Exercise description. In the records below, the line with "Biohazard Warnaufkleber 140" opens the range and the line with "Testing Genesis V8" closes it; print that range exactly and nothing else.

Records for this task.
□ □ □ □

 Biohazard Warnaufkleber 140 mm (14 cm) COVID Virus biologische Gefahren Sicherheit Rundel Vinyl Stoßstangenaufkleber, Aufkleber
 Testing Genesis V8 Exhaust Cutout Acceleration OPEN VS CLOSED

□ □ □ □

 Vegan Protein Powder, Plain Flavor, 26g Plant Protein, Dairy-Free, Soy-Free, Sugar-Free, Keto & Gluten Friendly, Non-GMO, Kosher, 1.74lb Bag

□ □ □ □

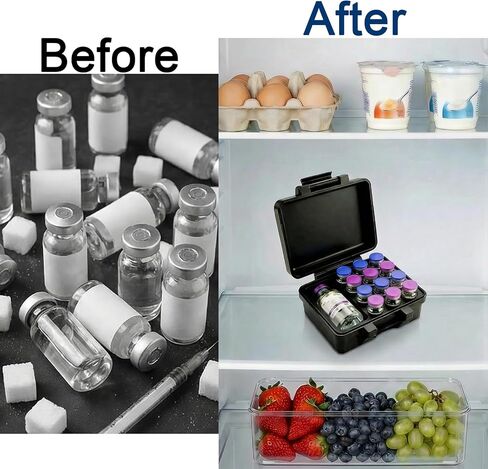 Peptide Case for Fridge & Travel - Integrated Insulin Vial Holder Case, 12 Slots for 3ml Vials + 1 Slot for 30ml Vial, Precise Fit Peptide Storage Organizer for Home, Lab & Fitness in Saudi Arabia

□ □ □ □

Written reply.
 Biohazard Warnaufkleber 140 mm (14 cm) COVID Virus biologische Gefahren Sicherheit Rundel Vinyl Stoßstangenaufkleber, Aufkleber
 Testing Genesis V8 Exhaust Cutout Acceleration OPEN VS CLOSED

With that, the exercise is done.